Authors: Hao Li, Yankai Yang, G. Edward Suh, Ning Zhang, Chaowei Xiao

Published: 2026-01-15

arXiv ID: 2601.10173v1

Added to Library: 2026-01-16 03:02 UTC

Red Teaming

📄 Abstract

Large Language Models (LLMs) have enabled the development of powerful agentic systems capable of automating complex workflows across various fields. However, these systems are highly vulnerable to indirect prompt injection attacks, where malicious instructions embedded in external data can hijack agent behavior. In this work, we present ReasAlign, a model-level solution to improve safety alignment against indirect prompt injection attacks. The core idea of ReasAlign is to incorporate structured reasoning steps to analyze user queries, detect conflicting instructions, and preserve the continuity of the user's intended tasks to defend against indirect injection attacks. To further ensure reasoning logic and accuracy, we introduce a test-time scaling mechanism with a preference-optimized judge model that scores reasoning steps and selects the best trajectory. Comprehensive evaluations across various benchmarks show that ReasAlign maintains utility comparable to an undefended model while consistently outperforming Meta SecAlign, the strongest prior guardrail. On the representative open-ended CyberSecEval2 benchmark, which includes multiple prompt-injected tasks, ReasAlign achieves 94.6% utility and only 3.6% ASR, far surpassing the state-of-the-art defensive model of Meta SecAlign (56.4% utility and 74.4% ASR). These results demonstrate that ReasAlign achieves the best trade-off between security and utility, establishing a robust and practical defense against prompt injection attacks in real-world agentic systems.
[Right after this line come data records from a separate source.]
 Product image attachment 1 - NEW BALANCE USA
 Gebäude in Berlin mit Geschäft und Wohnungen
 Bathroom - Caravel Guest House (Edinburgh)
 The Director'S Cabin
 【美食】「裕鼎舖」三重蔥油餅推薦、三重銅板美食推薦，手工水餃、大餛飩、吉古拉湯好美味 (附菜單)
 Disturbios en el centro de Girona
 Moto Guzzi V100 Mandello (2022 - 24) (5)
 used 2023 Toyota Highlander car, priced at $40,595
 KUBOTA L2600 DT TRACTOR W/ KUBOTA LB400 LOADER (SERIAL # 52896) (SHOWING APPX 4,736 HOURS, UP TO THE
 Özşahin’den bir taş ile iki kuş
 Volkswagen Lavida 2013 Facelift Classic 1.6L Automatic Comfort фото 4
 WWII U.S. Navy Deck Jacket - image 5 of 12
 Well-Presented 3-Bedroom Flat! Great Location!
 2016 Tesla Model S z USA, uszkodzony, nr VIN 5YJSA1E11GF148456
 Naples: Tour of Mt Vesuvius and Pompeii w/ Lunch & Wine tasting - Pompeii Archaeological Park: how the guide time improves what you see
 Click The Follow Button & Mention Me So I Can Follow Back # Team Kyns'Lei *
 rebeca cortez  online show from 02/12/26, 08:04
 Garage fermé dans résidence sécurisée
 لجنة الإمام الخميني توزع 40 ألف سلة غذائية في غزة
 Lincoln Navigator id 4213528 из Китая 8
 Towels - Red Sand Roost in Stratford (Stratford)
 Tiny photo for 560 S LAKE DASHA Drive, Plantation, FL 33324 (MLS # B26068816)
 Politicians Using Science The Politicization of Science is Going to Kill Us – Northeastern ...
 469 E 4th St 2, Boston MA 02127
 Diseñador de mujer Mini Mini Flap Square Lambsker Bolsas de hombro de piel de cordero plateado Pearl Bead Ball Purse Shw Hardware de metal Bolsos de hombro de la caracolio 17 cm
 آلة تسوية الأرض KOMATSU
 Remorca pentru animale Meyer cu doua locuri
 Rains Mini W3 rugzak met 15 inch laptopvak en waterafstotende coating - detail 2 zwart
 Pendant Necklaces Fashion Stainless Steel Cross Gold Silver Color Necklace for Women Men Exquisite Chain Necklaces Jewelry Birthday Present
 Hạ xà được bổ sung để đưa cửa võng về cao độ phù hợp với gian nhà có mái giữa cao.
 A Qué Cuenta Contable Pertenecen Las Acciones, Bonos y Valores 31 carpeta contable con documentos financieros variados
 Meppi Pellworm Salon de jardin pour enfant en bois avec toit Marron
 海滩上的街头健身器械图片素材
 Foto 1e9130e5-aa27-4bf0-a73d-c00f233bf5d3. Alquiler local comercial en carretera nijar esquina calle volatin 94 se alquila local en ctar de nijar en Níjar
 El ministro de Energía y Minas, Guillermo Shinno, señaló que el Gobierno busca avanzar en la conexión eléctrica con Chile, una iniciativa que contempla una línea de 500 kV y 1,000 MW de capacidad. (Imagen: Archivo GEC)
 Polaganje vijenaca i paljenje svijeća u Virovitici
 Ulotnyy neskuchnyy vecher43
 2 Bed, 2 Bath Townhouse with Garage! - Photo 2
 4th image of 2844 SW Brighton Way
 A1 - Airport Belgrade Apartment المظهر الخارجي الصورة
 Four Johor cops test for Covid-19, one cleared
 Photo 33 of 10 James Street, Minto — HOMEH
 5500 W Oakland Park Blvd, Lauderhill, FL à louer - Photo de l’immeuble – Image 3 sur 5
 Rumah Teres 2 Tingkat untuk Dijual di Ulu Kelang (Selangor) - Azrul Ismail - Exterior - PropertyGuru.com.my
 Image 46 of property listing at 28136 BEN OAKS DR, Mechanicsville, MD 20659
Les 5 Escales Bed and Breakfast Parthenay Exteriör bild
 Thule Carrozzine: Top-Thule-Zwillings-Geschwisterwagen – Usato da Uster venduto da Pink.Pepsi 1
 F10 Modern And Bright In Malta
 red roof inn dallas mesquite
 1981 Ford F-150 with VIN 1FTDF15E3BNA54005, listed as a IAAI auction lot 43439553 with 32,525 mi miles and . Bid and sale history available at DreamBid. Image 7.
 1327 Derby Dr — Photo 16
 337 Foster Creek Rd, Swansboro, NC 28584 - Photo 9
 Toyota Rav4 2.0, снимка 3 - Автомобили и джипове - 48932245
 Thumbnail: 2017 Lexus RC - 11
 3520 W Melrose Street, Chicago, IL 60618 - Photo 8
Our code and experimental results could be found at https://github.com/leolee99/ReasAlign.

🔍 Key Points

  • Introduction of ReasAlign, a model-level defence mechanism designed to enhance safety alignment against prompt injection attacks in Large Language Models (LLMs).
  • Emphasis on structured reasoning processes to analyze user queries and detect conflicting instructions, ensuring continuity of user intent while defending against injected prompts.
  • Implementation of a test-time scaling mechanism using a preference-optimized judge model which selects the best reasoning trajectory, enhancing reasoning accuracy and efficiency.
  • Empirical results show that ReasAlign achieves a utility of 94.6% and an Attack Success Rate (ASR) of only 3.6% on the CyberSecEval2 benchmark, significantly outperforming prior protective models such as Meta SecAlign.
  • Validation of the the reasoning component through ablation studies, demonstrating its critical role in improving security with minimal impact on utility.

💡 Why This Paper Matters

This paper is significant as it presents a novel approach to security in LLMs through reasoning-enhanced safety alignment, addressing the growing risk of prompt injection attacks. By successfully achieving high utility while minimizing security vulnerabilities, ReasAlign sets a new standard for safe AI-driven systems in various applications. Its methodological innovations and practical implications serve as a key advancement for the fields of AI safety and security.

🎯 Why It's Interesting for AI Security Researchers

The findings of this paper are crucial for AI security researchers because prompt injection attacks pose a significant threat to the integrity of LLMs. The novel techniques introduced, such as structured reasoning and test-time scaling, provide a robust framework for addressing these vulnerabilities, offering valuable insights for developing proactive defense mechanisms in AI systems.